*REQUIREMENT*. Repeat exactly the lines of the entries below from the one with "Santino | Herren pullover" through the one with "Hardrace 22mm Rear Sway Bar", both ends included, and nothing else.

** RECORDED DATA follows **

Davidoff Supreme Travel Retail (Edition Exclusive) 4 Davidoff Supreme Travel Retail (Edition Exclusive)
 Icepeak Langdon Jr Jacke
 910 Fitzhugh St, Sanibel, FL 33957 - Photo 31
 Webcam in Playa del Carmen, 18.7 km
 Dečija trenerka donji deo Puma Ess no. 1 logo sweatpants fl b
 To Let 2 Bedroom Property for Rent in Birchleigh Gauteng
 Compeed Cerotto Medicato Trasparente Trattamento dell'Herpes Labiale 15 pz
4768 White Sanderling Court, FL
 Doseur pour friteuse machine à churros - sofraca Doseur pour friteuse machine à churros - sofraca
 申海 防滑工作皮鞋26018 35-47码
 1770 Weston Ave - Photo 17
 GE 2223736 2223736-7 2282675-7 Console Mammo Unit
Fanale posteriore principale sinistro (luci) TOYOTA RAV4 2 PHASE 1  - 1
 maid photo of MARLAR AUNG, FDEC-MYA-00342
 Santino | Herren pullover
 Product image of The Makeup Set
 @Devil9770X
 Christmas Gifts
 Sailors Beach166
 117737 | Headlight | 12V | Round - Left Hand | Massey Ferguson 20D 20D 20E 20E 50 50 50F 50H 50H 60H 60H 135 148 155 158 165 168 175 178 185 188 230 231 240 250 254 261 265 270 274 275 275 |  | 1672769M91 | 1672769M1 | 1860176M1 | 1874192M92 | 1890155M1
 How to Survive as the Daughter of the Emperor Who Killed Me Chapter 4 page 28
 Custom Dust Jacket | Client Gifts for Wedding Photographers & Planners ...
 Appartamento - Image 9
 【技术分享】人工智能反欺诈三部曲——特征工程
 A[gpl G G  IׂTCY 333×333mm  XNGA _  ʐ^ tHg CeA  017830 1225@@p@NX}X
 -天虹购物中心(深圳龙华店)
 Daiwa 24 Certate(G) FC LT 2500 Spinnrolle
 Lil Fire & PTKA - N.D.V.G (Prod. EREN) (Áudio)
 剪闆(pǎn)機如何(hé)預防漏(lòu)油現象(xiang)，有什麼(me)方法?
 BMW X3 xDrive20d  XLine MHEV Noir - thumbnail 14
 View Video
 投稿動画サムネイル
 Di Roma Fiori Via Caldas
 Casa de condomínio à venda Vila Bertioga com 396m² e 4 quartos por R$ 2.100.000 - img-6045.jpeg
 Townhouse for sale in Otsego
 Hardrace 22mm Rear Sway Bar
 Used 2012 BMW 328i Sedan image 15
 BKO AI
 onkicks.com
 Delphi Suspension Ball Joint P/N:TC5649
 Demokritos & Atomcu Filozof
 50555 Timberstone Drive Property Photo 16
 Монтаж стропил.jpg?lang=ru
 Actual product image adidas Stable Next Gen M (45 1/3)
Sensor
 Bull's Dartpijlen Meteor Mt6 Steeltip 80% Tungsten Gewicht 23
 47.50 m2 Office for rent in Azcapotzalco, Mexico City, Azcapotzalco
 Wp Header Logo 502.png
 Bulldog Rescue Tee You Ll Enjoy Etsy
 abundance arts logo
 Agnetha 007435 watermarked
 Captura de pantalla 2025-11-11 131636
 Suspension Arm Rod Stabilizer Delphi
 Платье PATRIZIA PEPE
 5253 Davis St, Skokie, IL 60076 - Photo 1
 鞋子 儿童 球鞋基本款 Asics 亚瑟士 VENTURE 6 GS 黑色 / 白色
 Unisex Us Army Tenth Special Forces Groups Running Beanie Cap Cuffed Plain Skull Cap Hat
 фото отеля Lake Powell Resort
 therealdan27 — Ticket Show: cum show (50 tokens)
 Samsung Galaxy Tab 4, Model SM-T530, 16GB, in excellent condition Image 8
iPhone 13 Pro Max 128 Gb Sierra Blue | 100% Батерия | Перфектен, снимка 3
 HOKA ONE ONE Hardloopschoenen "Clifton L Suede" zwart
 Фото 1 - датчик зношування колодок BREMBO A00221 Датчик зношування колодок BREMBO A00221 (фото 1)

** End of RECORDED DATA **

*TASK RESULT*.
 Santino | Herren pullover
 Product image of The Makeup Set
 @Devil9770X
 Christmas Gifts
 Sailors Beach166
 117737 | Headlight | 12V | Round - Left Hand | Massey Ferguson 20D 20D 20E 20E 50 50 50F 50H 50H 60H 60H 135 148 155 158 165 168 175 178 185 188 230 231 240 250 254 261 265 270 274 275 275 |  | 1672769M91 | 1672769M1 | 1860176M1 | 1874192M92 | 1890155M1
 How to Survive as the Daughter of the Emperor Who Killed Me Chapter 4 page 28
 Custom Dust Jacket | Client Gifts for Wedding Photographers & Planners ...
 Appartamento - Image 9
 【技术分享】人工智能反欺诈三部曲——特征工程
 A[gpl G G  IׂTCY 333×333mm  XNGA _  ʐ^ tHg CeA  017830 1225@@p@NX}X
 -天虹购物中心(深圳龙华店)
 Daiwa 24 Certate(G) FC LT 2500 Spinnrolle
 Lil Fire & PTKA - N.D.V.G (Prod. EREN) (Áudio)
 剪闆(pǎn)機如何(hé)預防漏(lòu)油現象(xiang)，有什麼(me)方法?
 BMW X3 xDrive20d  XLine MHEV Noir - thumbnail 14
 View Video
 投稿動画サムネイル
 Di Roma Fiori Via Caldas
 Casa de condomínio à venda Vila Bertioga com 396m² e 4 quartos por R$ 2.100.000 - img-6045.jpeg
 Townhouse for sale in Otsego
 Hardrace 22mm Rear Sway Bar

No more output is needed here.